Seems like it also executes show terse objects in [db_name].[schema_name] every single time it runs describe table, when it seems like this could maybe just be executed one time upfront?

Describe the solution you'd like Would it be reasonable to queue up all those database statements up front and run through them as the results return, so that it completes much more quickly.

Describe alternatives you've considered Can't really think of any apart from just using it as it is and waiting much longer.

Additional context python 3.9.16 macOS 13.2 (22D49) Snowflake 7.3.1 dbt-core==1.3.2 dbt-extractor==0.4.1 dbt-osmosis==0.9.8 dbt-snowflake==1.3.0

jaredx435k2d0 commented 1 year ago

One helpful example of this is working with the Fivetran Connector for Salesforce.

The resulting schema has 15,879 columns across 759 tables. Running yaml refactor for just that one schema takes around two hours (using an X-Large Snowflake warehouse with nothing else running on it, executing from an M1 MacBook Pro with little else running on it).

I'd personally want to be able to run this on a regular basis to ensure our repo and documentation stays up to date, but would like to have it run much more quickly so that the resources of the machine it's running on (an EC2 instance, for example) aren't consumed for so long doing this.

z3z1ma commented 1 year ago

@jaredx435k2d0 I have now taken a first stab at parallelizing the yaml stuff. I would expect a massive speed increase.

This show terse objects in [db_name].[schema_name] is super interesting because that must be an implementation detail of the underlying snowflake adapter -- or perhaps just how we are using it.

I am closing this issue because queries should be sent in parallel but we can re-open a more specific issue for the show terse objects which will require a peek at where it is called in dbt-snowflake and where I am calling that caller.

jaredx435k2d0 commented 1 year ago

@z3z1ma So much faster!
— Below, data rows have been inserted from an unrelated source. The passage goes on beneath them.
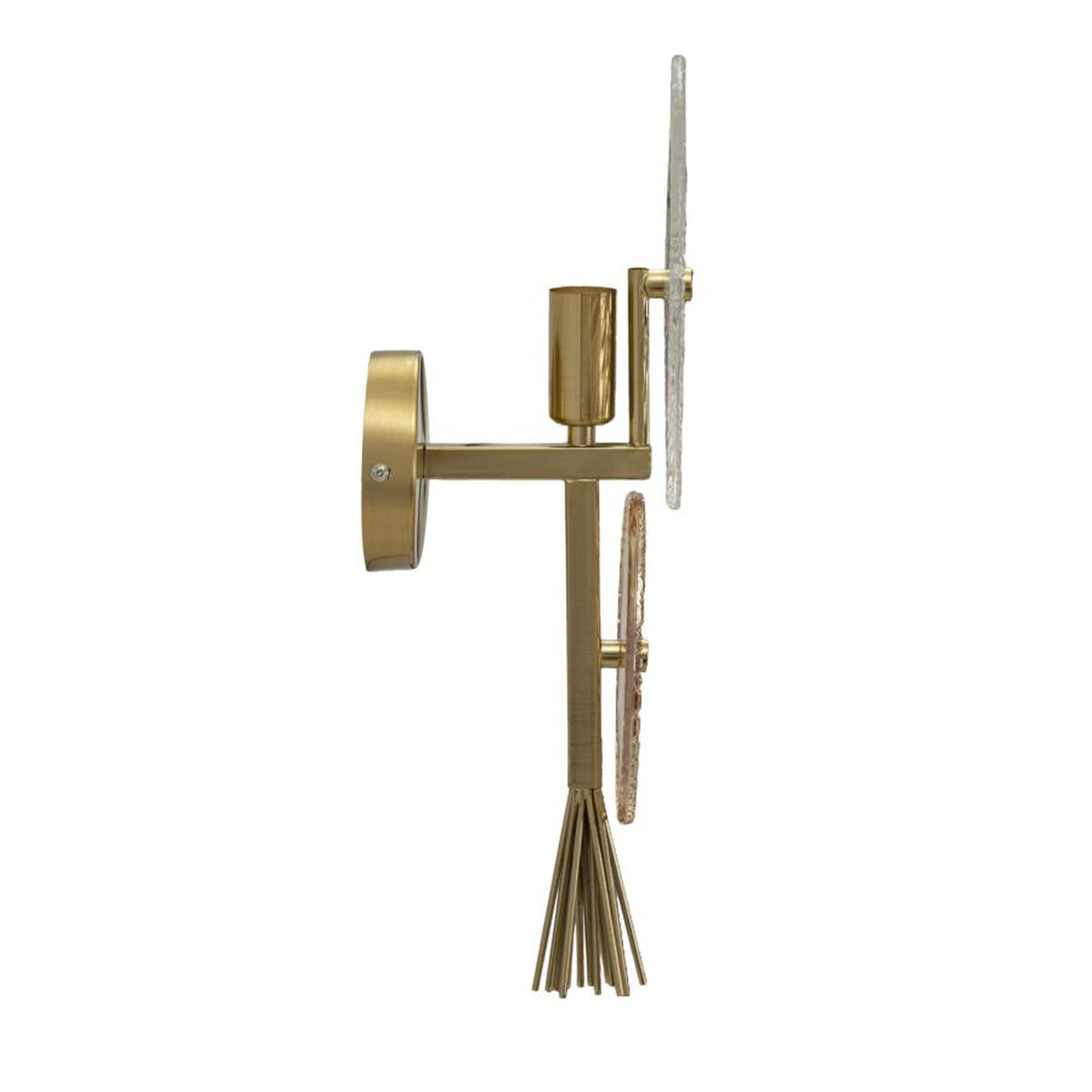 Lampada a Parete MF67, Oro, Metallo, 20x14x41 cm, Seven Design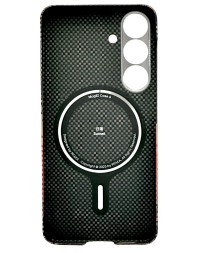 Накладка для Samsung Galaxy S25 Pitaka Tactile Woven Case (Sunset)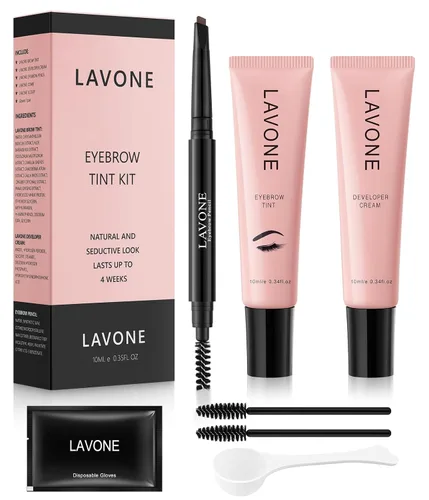 Miniatura 9 de Kit de color de cejas con color de cejas y lápiz de cejas, set de maquillaje de cejas 2 en 1 con efectos naturales, fácil y seguro de usar 10ml
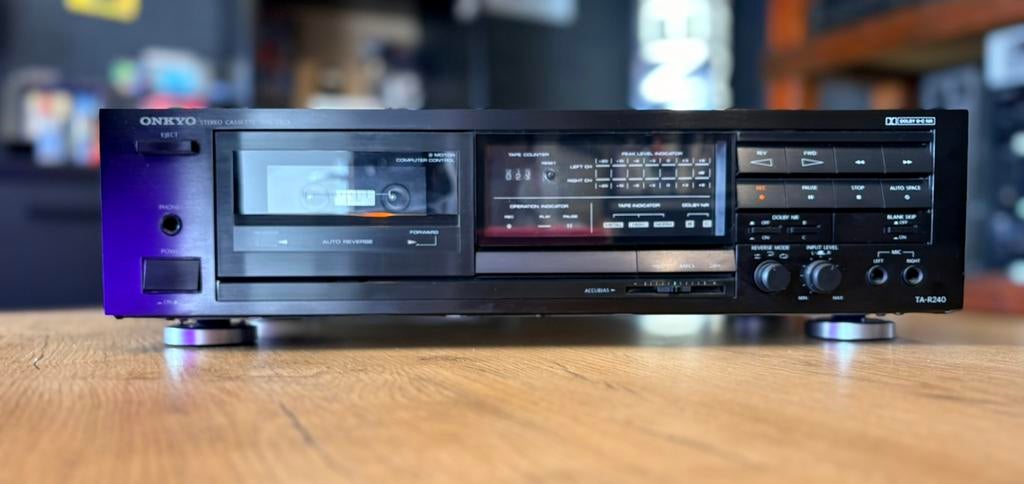 Onkyo TA-R240 | Gereviseerd | GARANTIE, Overige merken, Onkyo TA- R240 Gereviseerd met Garantie, Tape counter, Enkel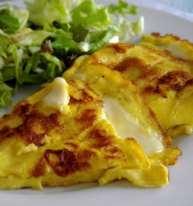 Omelette con Morlacco del Grappa INGREDIENTI: 4 porzioni 6 uova 40 gr. di bu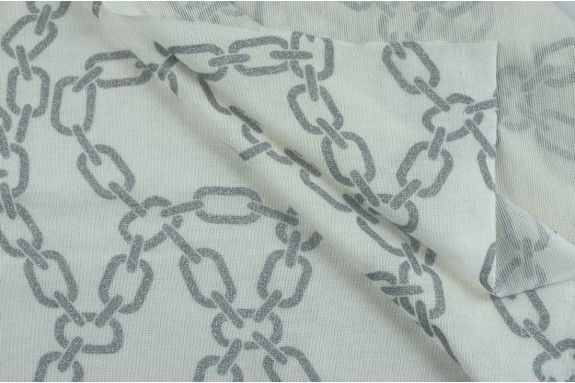 Tricot motif chainon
Love it. THANK you.

I looked in my query history and still see 1 DESCRIBE TABLE statement per table. I also see several repeated show terse objects in [db_name].[schema_name] statements for the same schema (when I'm only running it for one schema).

I'd anticipate that, while these queries are fast, they're probably still slowing things down considerably (and incurring extra Snowflake costs) due to having to do one round trip to Snowflake per table.

Python 3.10.10 dbt-core==1.4.5 dbt-extractor==0.4.1 dbt-osmosis==0.11.14 dbt-snowflake==1.4.2

z3z1ma commented 1 year ago

@jaredx435k2d0 This is where the DESCRIBE TABLE is being called. https://github.com/dbt-labs/dbt-snowflake/blob/main/dbt/include/snowflake/macros/adapters.sql#L112

Its outside my realm of control and inside the actual dbt adapter internals. One thing that is unique about dbt-osmosis for what its worth is that it is compatible with all existing (and future) dbt-adapters since it uses the adapter protocol exclusively which is a required implementation for all adapters. This means there are database specific optimizations I could make but it significantly steps up the complexity even if it sounds simple and I am not sure that is the right path just to eek out some more performance. After a full run, which could be done in CI, you can scope your runs to specific folder paths to make it faster if have a ton of models. Another potential optimization I could foresee is storing a cache of filechecksums so we dont re-run for an unmodified dependency chain. We would need those checksums either on disk or in the dwh.